*DATASET SECTION*

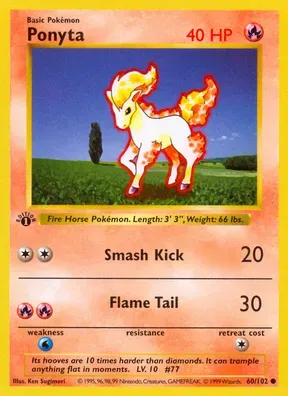 Ponyta #60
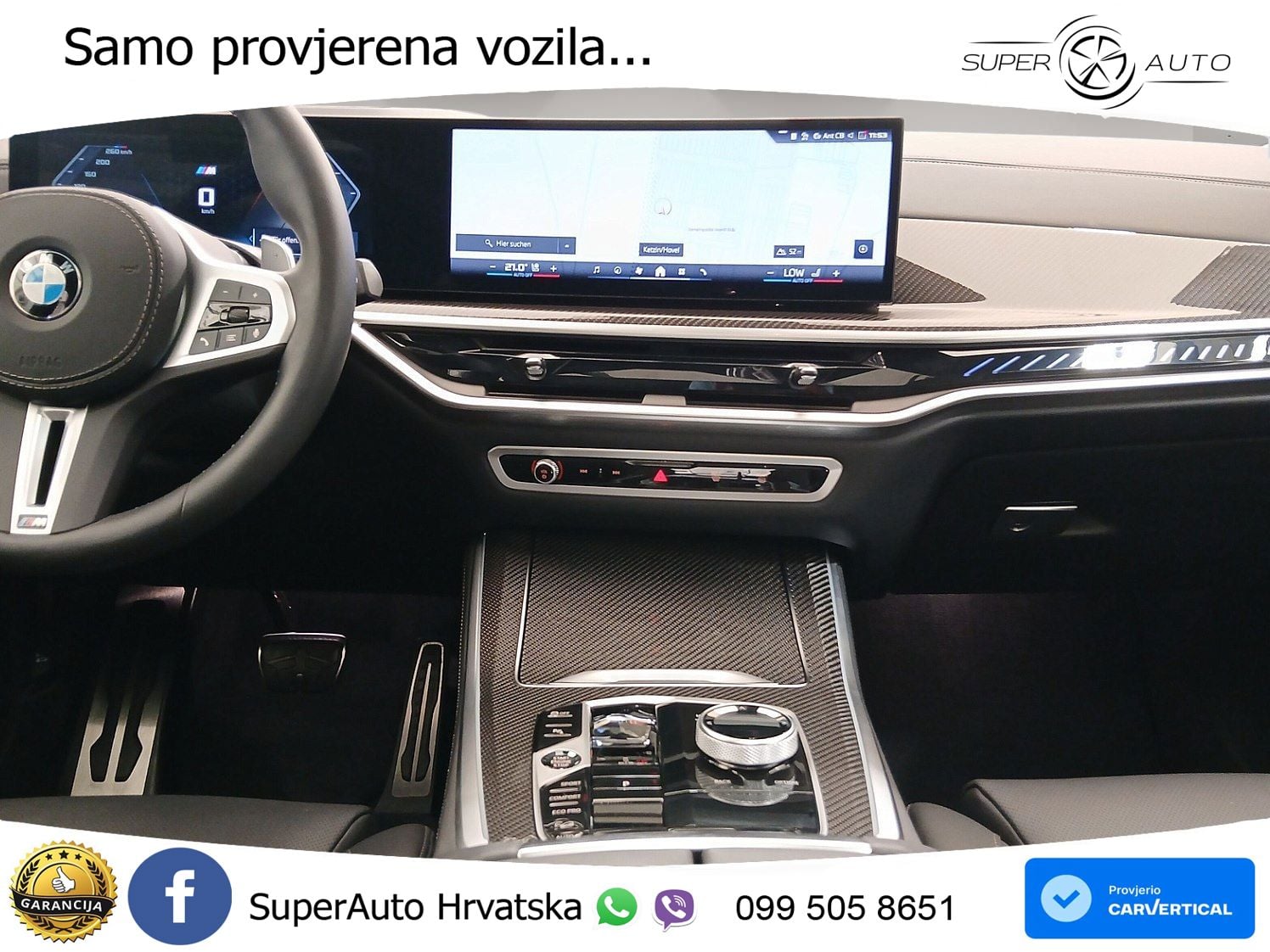 BMW X5 M60i V8 (530 KS) xDrive Steptronic M Sport
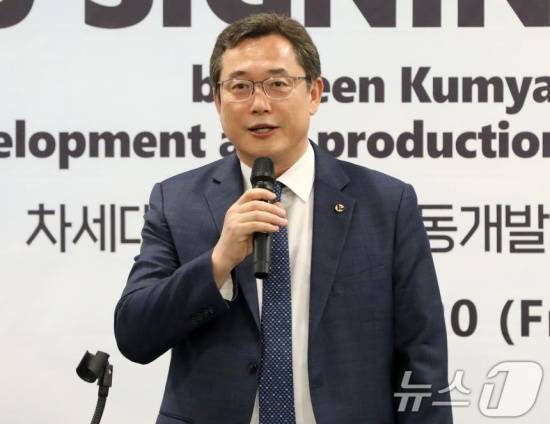 류광지 금양 회장.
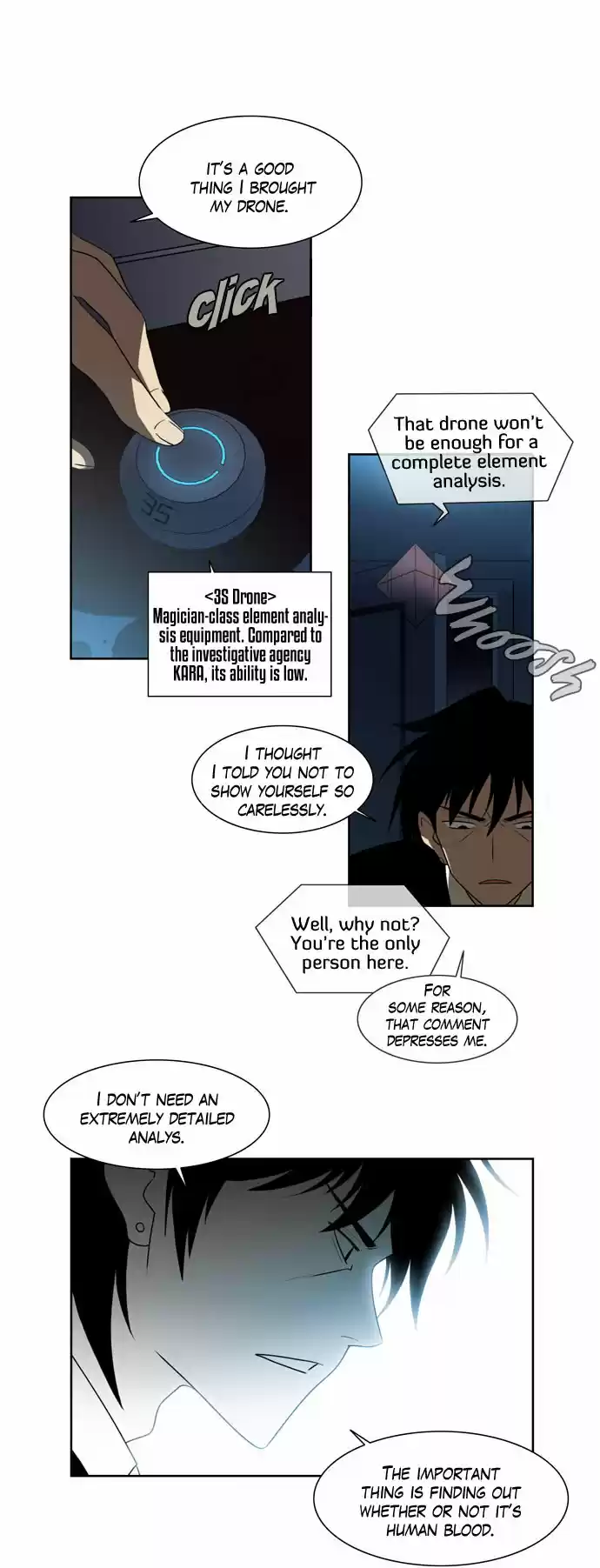 City of the Dead Sorcerer Ch. 51 Extremist Beliefs (7)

*WHAT TO DO*
Return the full listing above exactly as written, and omit the pictures.

*RESULT OF THIS TASK*
 Ponyta #60
 BMW X5 M60i V8 (530 KS) xDrive Steptronic M Sport
 류광지 금양 회장.
 City of the Dead Sorcerer Ch. 51 Extremist Beliefs (7)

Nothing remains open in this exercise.